Extended Event Session producing information on the standard behavior of Query Store

These events capture some of the behaviors of the Query Store. If you create this session, start it, and watch the Live Data window in SSMS, we can actually see some of the events fire if we manipulate queries and the Query Store itself. Let’s fire a few commands to see this in action. To start with, we’ll clear the Query Store with the code in Listing 9-4:
ALTER DATABASE AdventureWorks SET QUERY_STORE CLEAR;
Listing 9-4

Clear Query Store

This will fire the event, query_store_db_cleared, as we see in Figure 9-4:
../images/473933_1_En_9_Chapter/473933_1_En_9_Fig4_HTML.jpg
Figure 9-4

query_store_db_cleared event captured for a given database

The first four columns are for managing the Extended Events causality tracking, showing the distinct grouping of events and the order in which they occur. We can ignore that in this instance. What we see are the clear_all setting, which is defined in the QUERY_STORE CLEAR command, which can be set to clear ALL.

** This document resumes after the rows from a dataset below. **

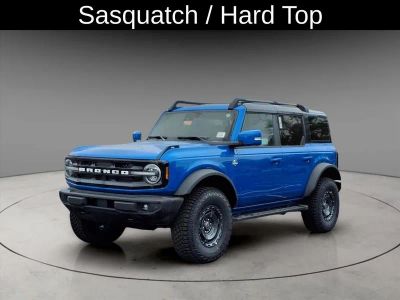 2024 Ford Bronco Outer Banks in Blue Metallic — front three-quarter view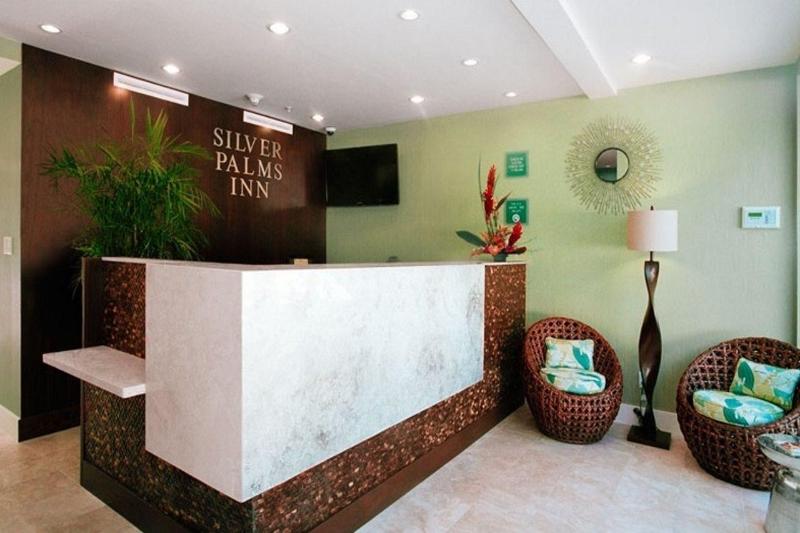 בית מלון כפרי Silver Palms Inn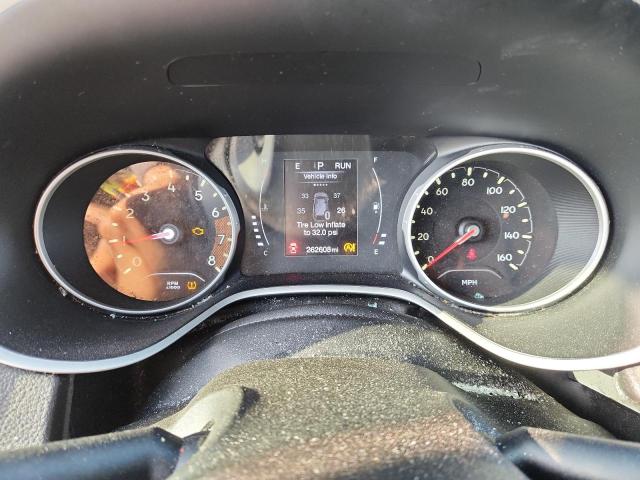 3C4NJDAB8HT656150 - 2017 JEEP COMPASS SPORT SILVER photo 9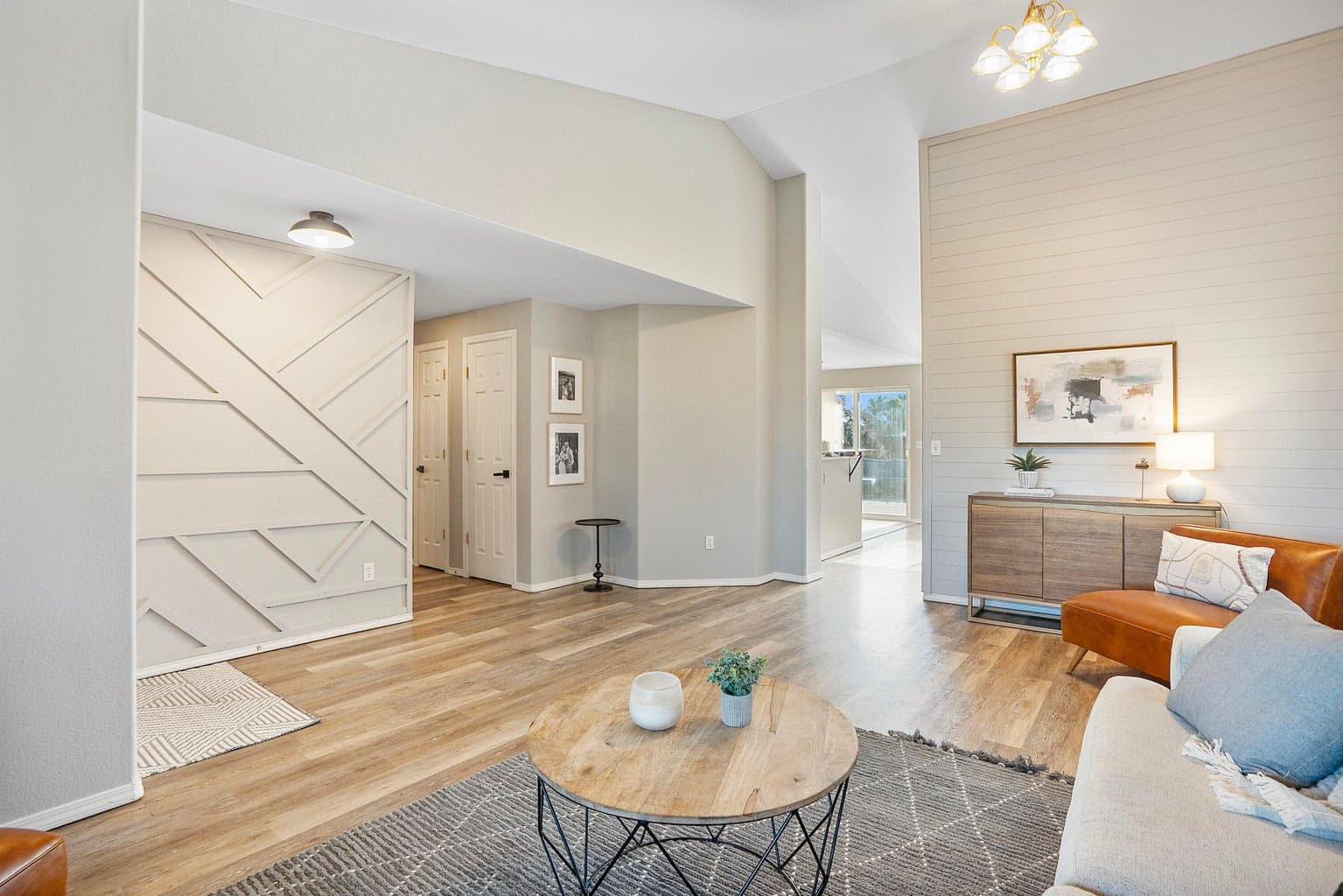 Photo of 2206 8th 6 of 24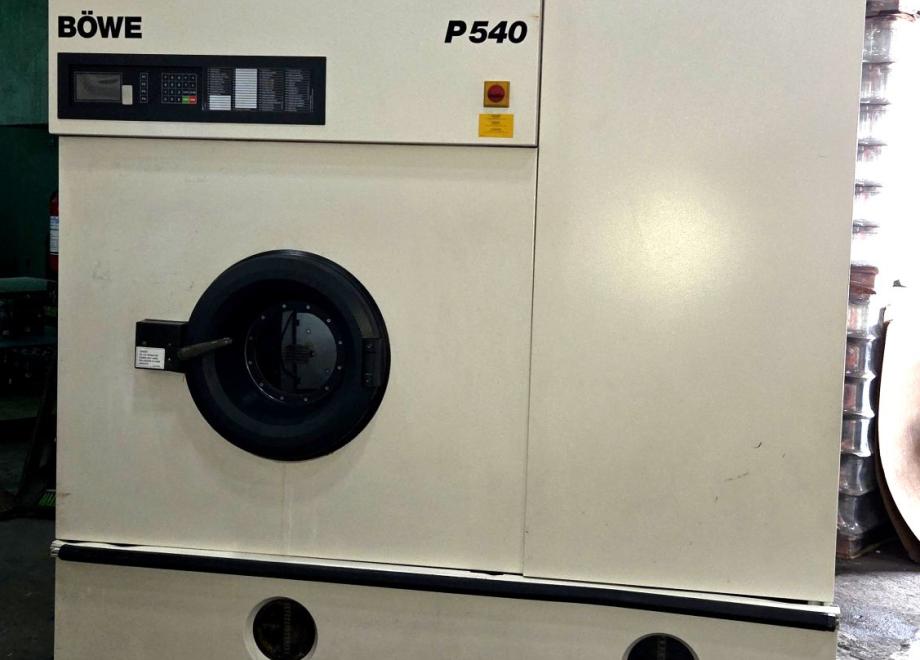 LAVADORA EN SECO MARCA BOWE P540 PARA 20 KG.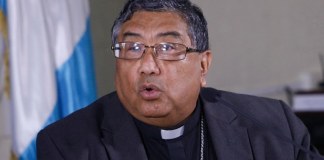 Salud del Arzobispo Vian se mantiene estable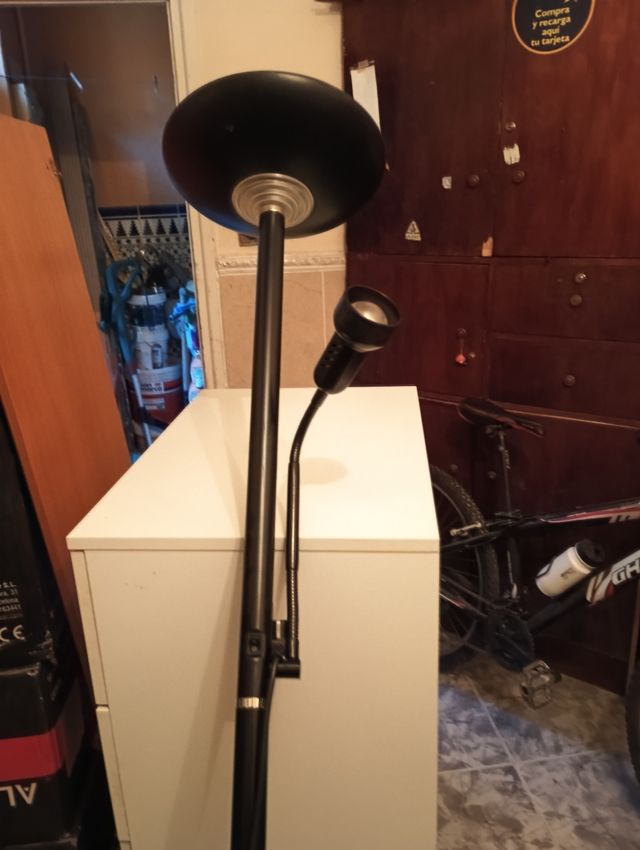 Lampara de pie para dormitorio o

To see the next event, we’ll run the following stored procedure in Listing 9-5 from the previous chapter:
EXEC dbo.AddressByCity @City = N'London';
Listing 9-5

Call stored procedure

We’ll get the following two events, related and in the order in which they are firing as shown in Figure 9-5:
../images/473933_1_En_9_Chapter/473933_1_En_9_Fig5_HTML.jpg
Figure 9-5

Query Store evaluates a query and then captures it

I’m showing the details of the query_store_capture_policy_evaluate event. You can see that the capture_policy_result is showing the result of the evaluation, in this case, CAPTURE. You’ll also frequently see UNDECIDED for queries that have been evaluated but are not going to be captured.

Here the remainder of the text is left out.